Wednesday, April 27, 2011

ECBC Mentors Help SMA Senior Publish Capstone Project Results for Peer Review

Serving as mentors in the local community, Operations Research Analyst Daniel Barker and Research General Engineer Karen Coyne, Ph.D. from the U.S. Army Edgewood Chemical Biological Center (ECBC) have supported Briana Elmore, senior at Aberdeen’s Science and Mathematics Academy (SMA), with her capstone project efforts over the course of the past year.

With guidance from her mentors, Briana achieved outstanding capstone project results and became the co-author of a peer-reviewed presentation and technical report, entitled “Field of View of Commercial Air-Purifying Respirators”.

Her research results will be presented at the 2011 American Industrial Hygiene Conference and Expo, known as the premier event for thousands of occupational and environmental health and safety professionals, at the Oregon Convention Center in Portland, Ore. on 18 May.

Drawing from her experience as a cooperative education student at the U.S. Coast Guard Electronics Engineering Center, Coyne decided to pass on the educational value of mentorship relationships that motivated her to stay in the engineering career field. In addition to judging eCYBERMISSION project folders, she strongly believes in the benefit of engaging students in the application of real-world science, technology, engineering and math (STEM) experiences through mentoring.

“We have the ability to shape students’ interest in STEM by showing them science in action,” she said. “I truly enjoy providing students guidance throughout the entire life cycle of their projects.”

Barker, who started his government career through the Science and Engineering Apprenticeship Program and the Federal Junior Fellowship Program, had received mentorship support early on and finds it rewarding to help local students expand their knowledge of STEM concepts and apply them to relevant real-world problems.

“Mentoring a student that works as independently and is as driven as Briana allowed us to use her research skills for a meaningful project that we were able to steer and that helped her excel quickly,” he said. “Her literature review clearly demonstrated her ability to compete with undergraduate students.”

After participating in a tour of ECBC’s Protection Factor Testing facility, she decided to test military and first-responder respirator technologies as part of her senior capstone project.

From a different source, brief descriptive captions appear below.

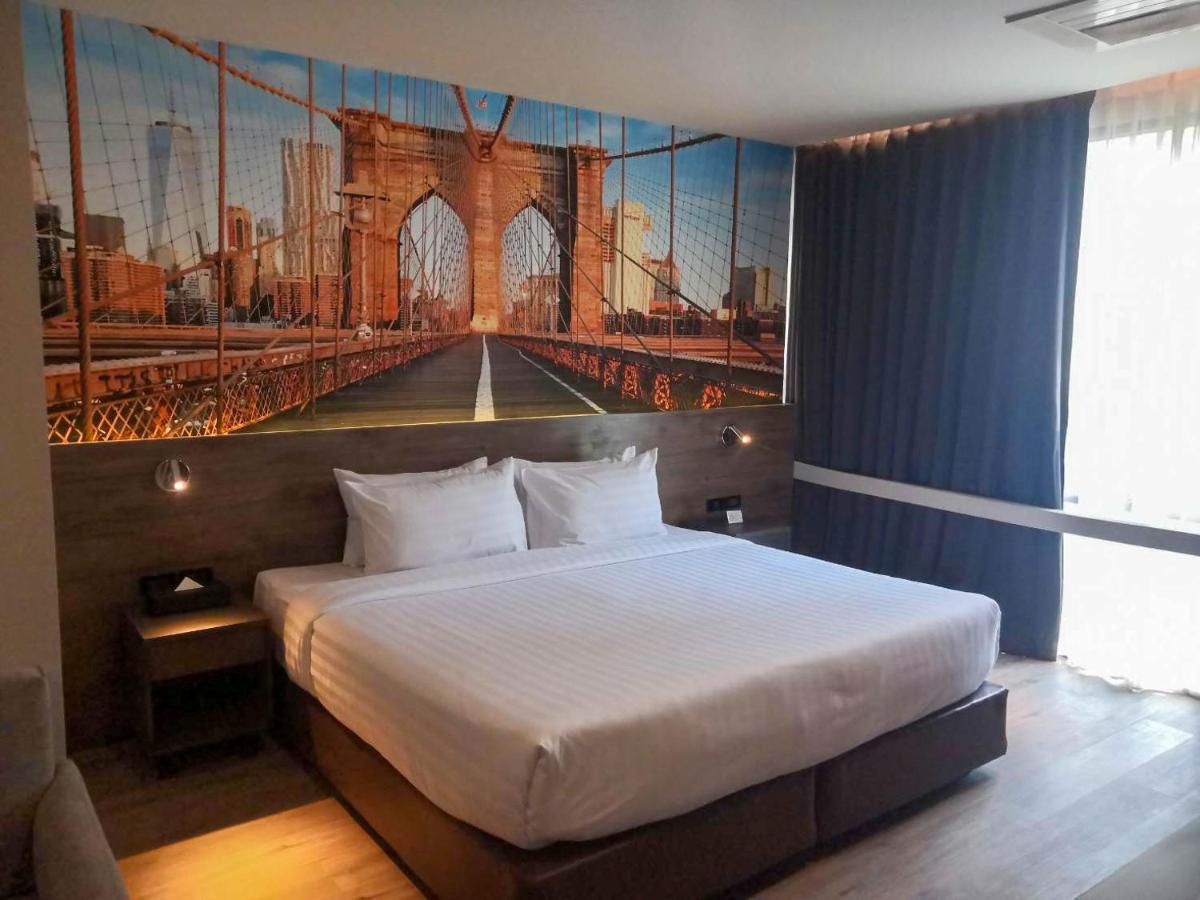 Manhattan Hotel בנגקוק מראה חיצוני תמונה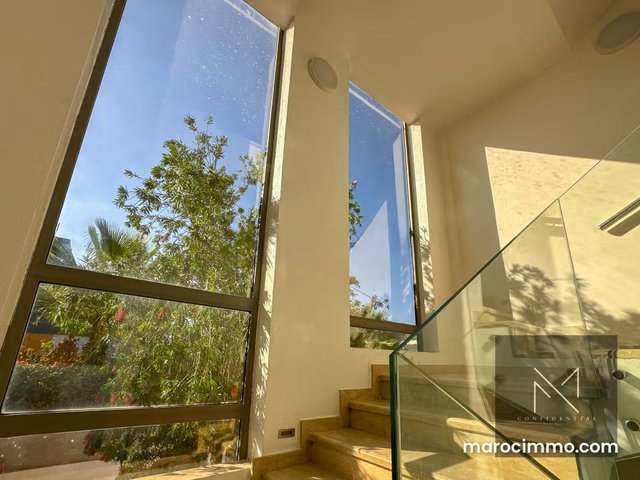 Villa Contemporaine avec ascenseur à Dar Bouazza piscine, — 5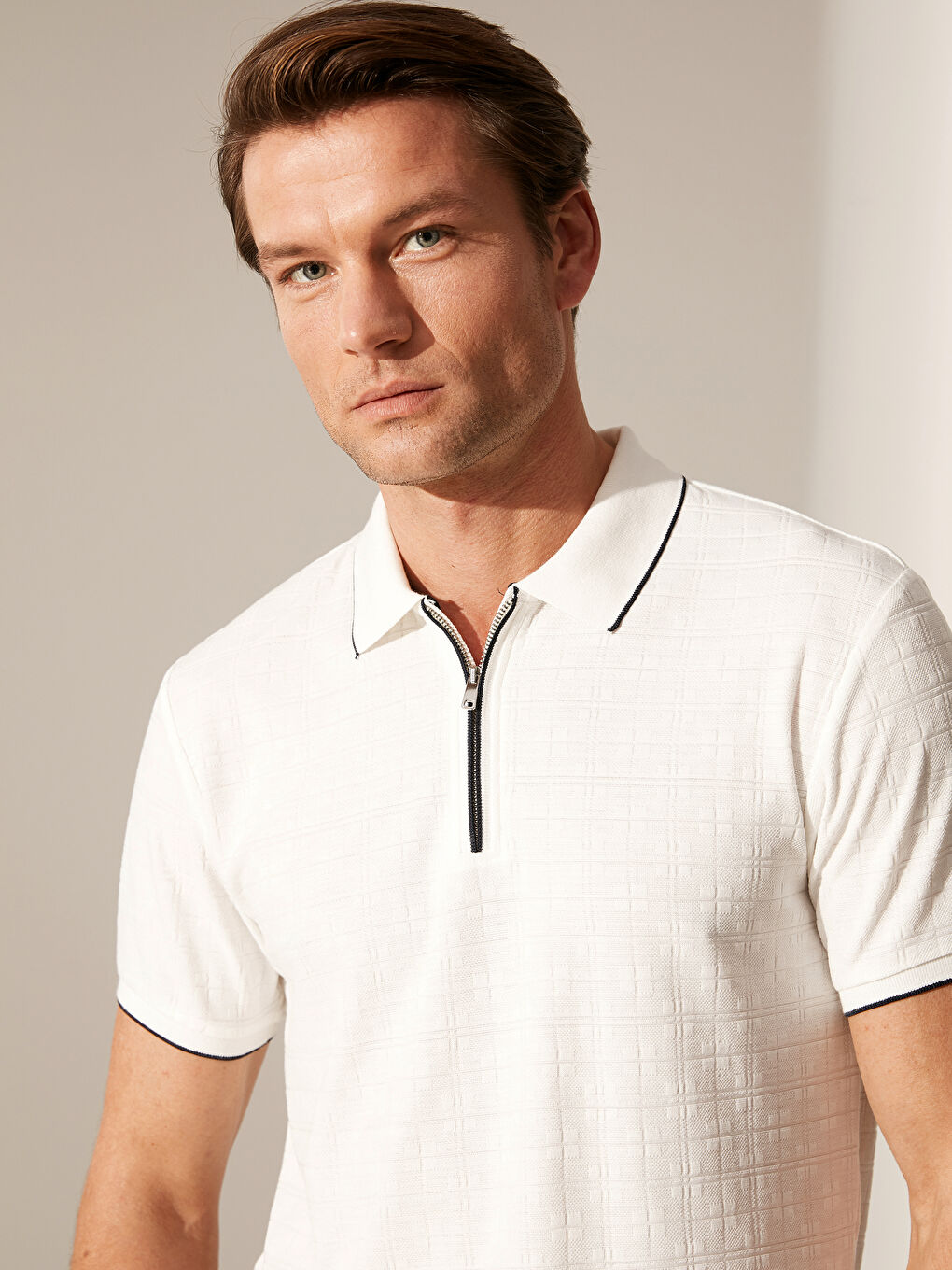 Beyaz Polo Yaka Kısa Kollu Erkek Tişört-1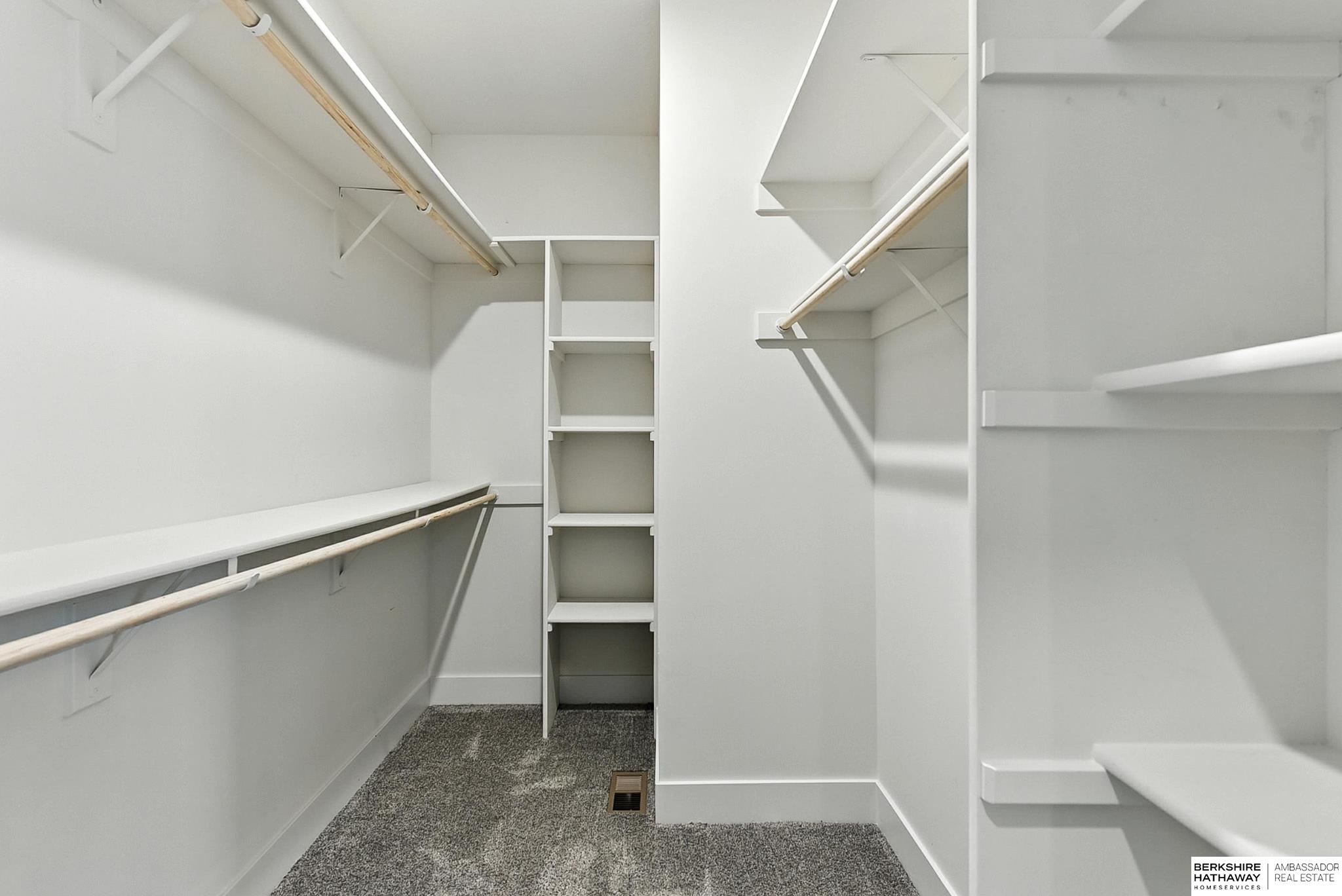 Elkhorn, Nebraska 68022, United States, 6 Bedrooms Bedrooms, ,3 BathroomsBathrooms,Residential,Active,176026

In order to compile and analyze relevant data for her project, she independently performed testing procedures on commercial air-purifying respirators (APR) with little supervision in an ECBC laboratory and generated successful project results.

“She used standardized testing procedures to measure the peripheral field of view of various commercial APRs and to quantify their vision limitations,” Coyne explained.
“During an interim presentation at her school, she conveyed project background and results exceptionally well and knew what she was doing. I had nothing to add,” Barker commented.

Both mentors emphasized Briana’s exceptional talent and motivation to understand, implement and execute engineering concepts very effectively.

“We put the project into a relevant context, highlighted the importance of attention to detail for the operational performance in law enforcement and the military and explained the required testing methodologies for this project,” Barker said. “After we showed her a method once, we did not have to show her a second time.”

“She just rolled with the guidance we gave her and was always way ahead of the game,” he added.

Proving herself as an invaluable team member, she has been nominated to support respirator-related research at ECBC through the Oak Ridge Institute for Science and Education over the summer ─ the same way her mentor Coyne had begun her career at the Center.

“I think Daniel and I both agree when saying that Briana has been fabulous to work with,” Coyne reiterated. “I would encourage colleagues to take advantage of mentoring opportunities, as these kids are capable of doing real work and can be at least as beneficial to a team as a college intern.”